Recipe For The Week: “Abacha” -The African Salad
Abacha is one of the most popular meals amongst the Igbos. This wonderful meal serves as one of the evening desserts in some eastern villages. Abacha from an Igbo perspective remains the best kola to offer a well-respected visitor in your house. As a matter of fact, some villages in the eastern part of Nigeria only offer Ugba or Abacha to visitors till date.
You would enjoy it best when it is served with fresh palm wine. Hmmm! I’d say you should check that out on your next visit to the East.
Meanwhile, the fresh Abacha (African salad) is a by-product of cassava. There are lots of processes involved with obtaining the ideal fresh Abacha. Not to worry, I can take you through this process just in a matter of minutes!
*3 cups Palm oil
*4 pieces Fresh fish (fried)
*2 stock Seasoning (Maggi/Knorr)
*1 teaspoon ground Ehu seeds (Calabash Nutmeg)
*Dry Pepper, (ground)
*4 Garden eggs
*1 tsp. potash (kaun)
*3 Utazi leaves (Gongronema latifolium)
*Garden egg leaves (Optional)
*Pomo / Kanda (cow skin)
*2 large Red Onions
*4 Handfuls of Abacha
*1 wrap of Ugba (Ukpaka)
* Stockfish (optional)
The first thing to do would be to get a bunch of freshly harvested cassava; that’s if you live in the village or own a farm. The next is to wash your cassava thoroughly, add washed cassava in a sizable pot and boil with water for about twenty to thirty minutes then pill to remove the brown outer layer and cut to tiny bits. The sliced cassava is then soaked in water for about 20 hours or more. Finally, remove soaked cassava and wash thoroughly with clean water then sun-dry and store in an airtight seal.
However, if you live in a developed city, then you really don’t need to go through this tiresome process, just purchase every single item on the ingredients cart from the market and get started!
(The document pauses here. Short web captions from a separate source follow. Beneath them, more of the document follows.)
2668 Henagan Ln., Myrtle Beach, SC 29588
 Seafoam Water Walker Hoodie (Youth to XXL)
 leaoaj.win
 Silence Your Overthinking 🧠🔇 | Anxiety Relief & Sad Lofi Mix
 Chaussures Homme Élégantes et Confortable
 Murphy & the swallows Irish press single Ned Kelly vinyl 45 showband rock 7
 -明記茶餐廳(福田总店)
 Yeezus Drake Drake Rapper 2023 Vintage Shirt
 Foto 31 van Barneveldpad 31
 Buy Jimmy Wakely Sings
- Soak your dried Abacha in a bowl of warm water for about 30 minutes till it’s soft, then drain
- Cook Kanda till it’s soft then cut into small cubes
- Wash Utazi, cut it and set aside
- Wash your fresh Garden eggs and Onions, dice them and set aside. Also cut the other bulb of onion in ring-like circles and set aside
- Mix potash in a bowl with a little warm water till it leaves a nice consistency.
Mixing ingredients together
- In a sizable pot, pour palm oil and the potash mixture (ensure you don’t pour in the potash -residue along).
- Stir consistently till the palm-oil and potash mixture turn yellow paste
- Add the ground “ehu seasoning”, Ground pepper, diced onions, Crayfish and Ugba (Ukpaka), then stir very well till the mixture is well incorporated.
- Add the Iru/ogiri and diced kpomo and stir well
- Finally, gently add your soaked abacha into the mixture. Make sure you incorporate the whole mixture together.
- Finally, dress the ready to serve Abacha with sliced Utazi, (Its quite bitter so add as appropriate), and then add your garden eggs, onion rings, stock fish and fried fish for a perfect and irresistible taste.
Dried cassava chips can last more than a year if stored in an air tight container, which is the rewarding part if you choose to process your Abacha by yourself.